According to Grand View Research, the famous global market research and consulting firm, in 2021, the worldwide sports betting market pulled annual revenues of $76 billion. Now, projections state it is on track to keep expanding at an annual compound growth rate of 10.2% until 2030, with its online section growing at 12.6% per year. Naturally, many analysts rightfully credit increased internet penetration and the ever-growing popularity of smartphones as primary reasons for this occurrence, while also listing the rise in disposable income and the improvement in the standard of living in most territories as codependent factors.
The stigma removal connected to gambling, leading to laxer laws regulating this activity getting passed globally, plus the mainstream establishment of blockchain technology, have also played a role in the growth of sports betting in virtually every corner of the globe these past few years. Regarding the latter, crypto betting is one of the top online fads, with crypto sportsbooks snagging a decent amount of internet bettors.
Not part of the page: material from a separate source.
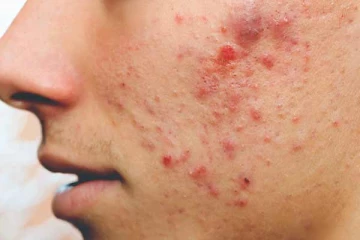 முகப்பருவா? கவலையை விடுங்க.. இதனை எளியமுறையில் போக்க இதோ சில அற்புத டிப்ஸ்!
The subheadings below break down the current situation of the sports wagering sector in various markets while also defining how crypto gambling sites compare to fiat ones.
The State of the Sports Betting Sphere
At the time of writing, wagering on sports in the US was legal in over thirty states. In 2018, the US Supreme Court decided that it was time to do away with PASPA, a federal law that implemented a ban on sports betting nationwide. Once that happened, many US territories quickly jumped on the opportunity to rake in tax revenues that they lost due to residents gambling at offshore sites. One issue that many US bettors have with their state-licensed platforms is that these feature more restrictive betting options than internationally-regulated hubs. The latter platforms usually also deliverlive streaming and various bet-builder functions.
The UK passed its Gambling Act in 2005, a law designed to engulf and administrate all wagering action in Britain, except for spread betting. That is something that the country’s Financial Conduct Authority oversees. Since 2020, the UKGC, Britain’s gambling regulator, started to enforce measures that make the online gambling experience super-limited, reacting to mounting pressure from the public, who worry about too many people betting too much on account of the swelling number of British gambling addicts. These include universal irreversible self-exclusion bans, low max wagering limits, various bonus reductions, and more. That led many Brits to seek out offshore betting platforms, particularly Bitcoin sports betting hubs with few wagering limitations, even though the UKGC made cryptos fiat money equivalents in the mid-2010s.
Sweden’s gambling regulator, the SGA, follows many of the principles set by the UKGC. The same goes for Germany’s and Netherlands’ novel licensors, the gambling authority of Saxony-Anhalt, and the Kansspelautoriteit (The Netherland’s Gambling Authority).
These restrictive measures get enforced in many markets to stimulate responsible gambling. That is something that most Bitcoin betting sites promote, but they do not go all-out in stopping their users from wagering excessively.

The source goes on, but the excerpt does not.